What you should do:
What needs reproducing is the run of lines in the data below starting at the line with "Blusa Suéter Ligera" and ending at the line with "DNA MOTORING - TL-ZTL-006-SMBK", both ends included. Copy it exactly, without pictures, and add nothing.

(Entries shown)

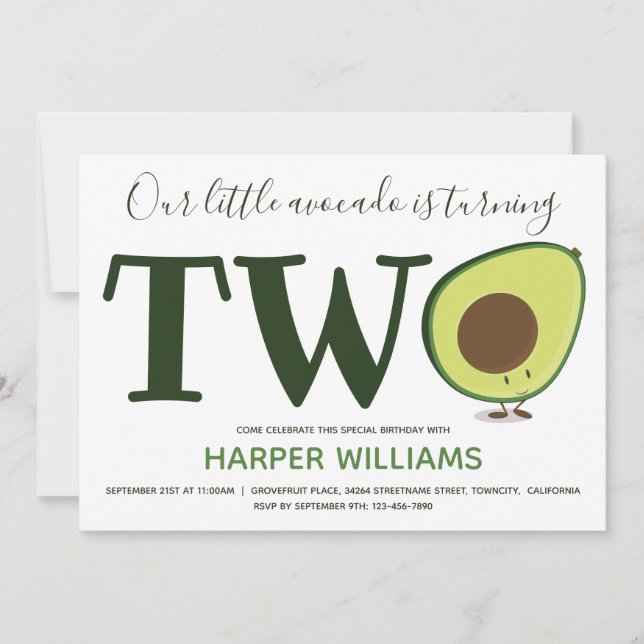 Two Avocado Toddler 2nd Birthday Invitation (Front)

(End Entries shown)
(Entries shown)

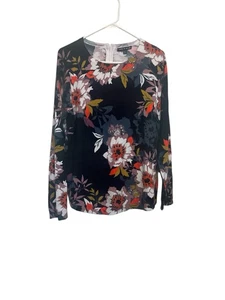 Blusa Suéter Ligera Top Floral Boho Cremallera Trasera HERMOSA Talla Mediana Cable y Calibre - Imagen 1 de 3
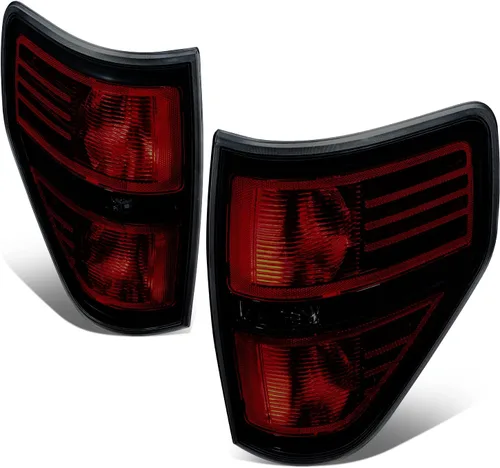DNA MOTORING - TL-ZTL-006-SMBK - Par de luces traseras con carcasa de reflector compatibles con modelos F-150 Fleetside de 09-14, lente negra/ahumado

(End Entries shown)

Result of the exercise:
 Blusa Suéter Ligera Top Floral Boho Cremallera Trasera HERMOSA Talla Mediana Cable y Calibre - Imagen 1 de 3
DNA MOTORING - TL-ZTL-006-SMBK - Par de luces traseras con carcasa de reflector compatibles con modelos F-150 Fleetside de 09-14, lente negra/ahumado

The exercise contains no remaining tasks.